▸ Task statement
Once you find the line with "Závesné kreslo s" in the entries below, print it and each line after it up to and including the line with "Stone Island Blue Virgin Wool Cardigan", exactly, without pictures.

-- Data supplied follows --

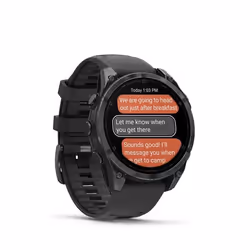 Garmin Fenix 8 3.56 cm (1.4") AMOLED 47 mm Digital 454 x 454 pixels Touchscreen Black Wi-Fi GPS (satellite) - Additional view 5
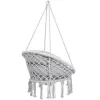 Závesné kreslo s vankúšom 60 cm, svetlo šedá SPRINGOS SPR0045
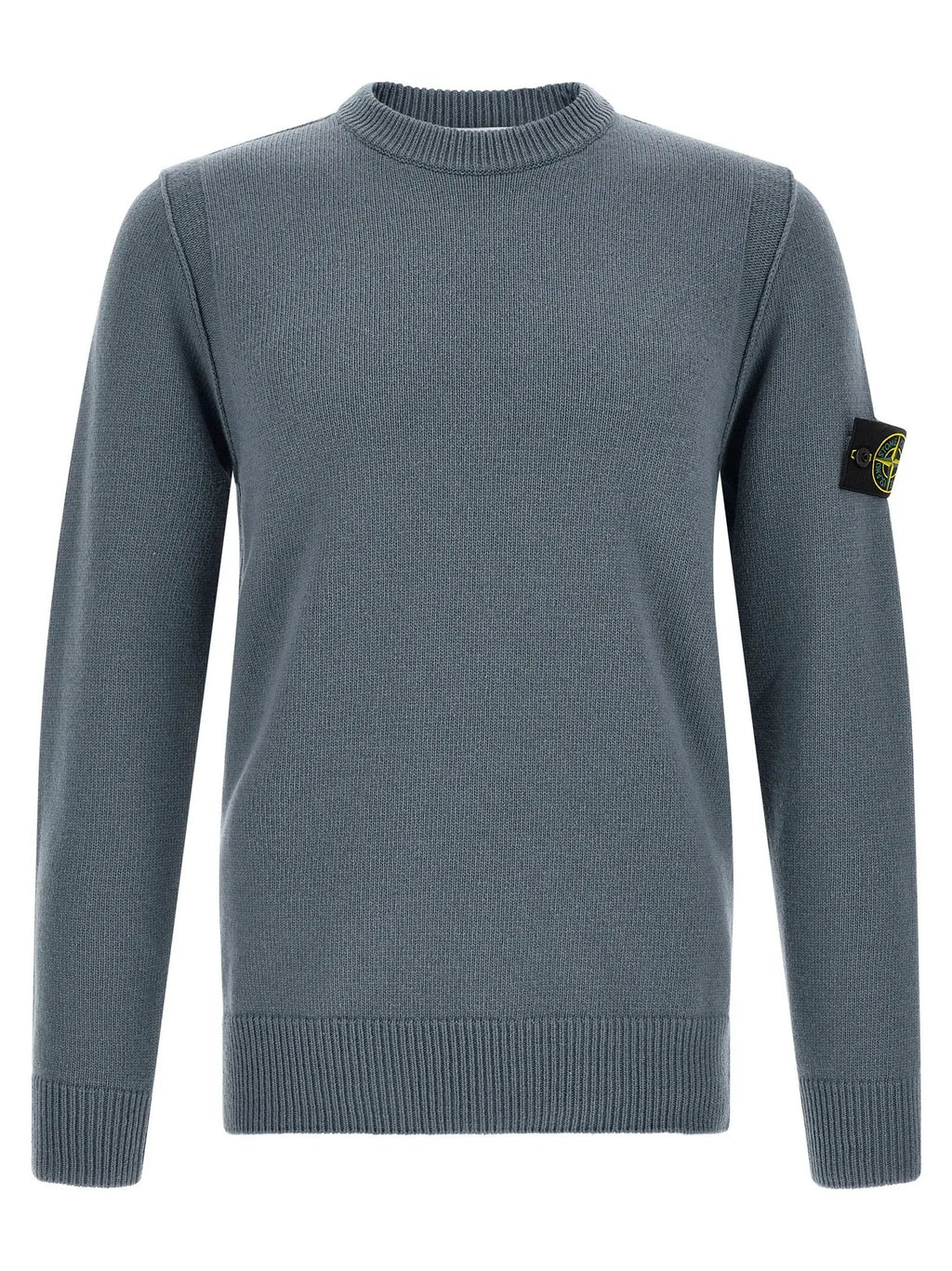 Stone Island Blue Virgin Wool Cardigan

-- Data supplied concluded --
-- Data supplied follows --

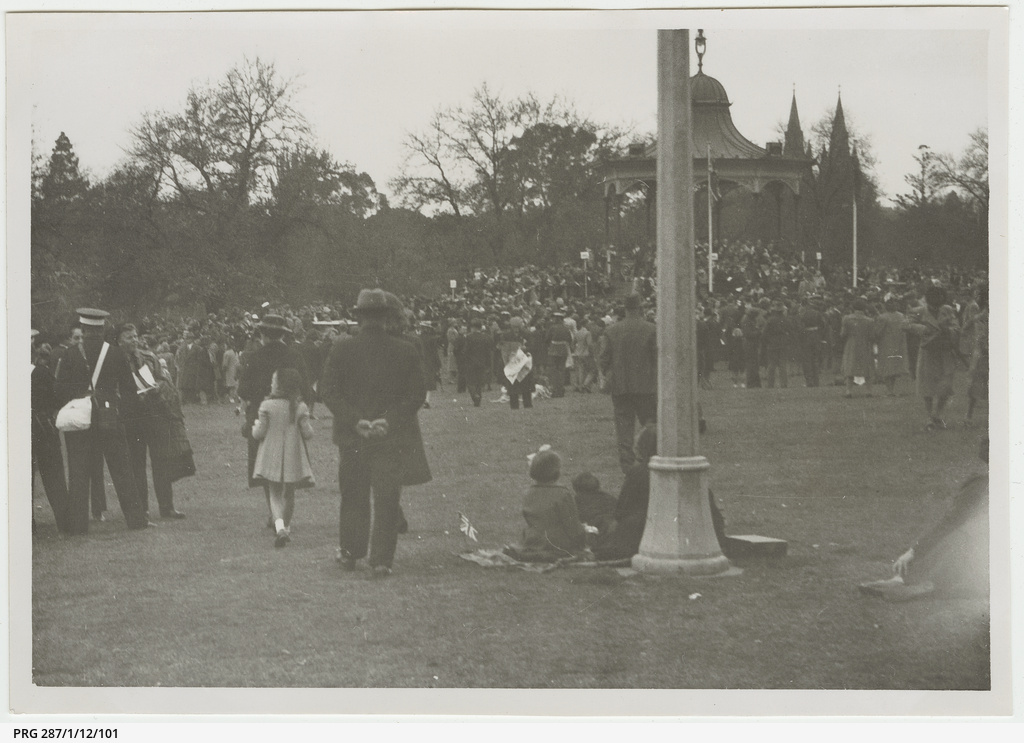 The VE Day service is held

-- Data supplied concluded --

▸ Response to the task
 Závesné kreslo s vankúšom 60 cm, svetlo šedá SPRINGOS SPR0045
 Stone Island Blue Virgin Wool Cardigan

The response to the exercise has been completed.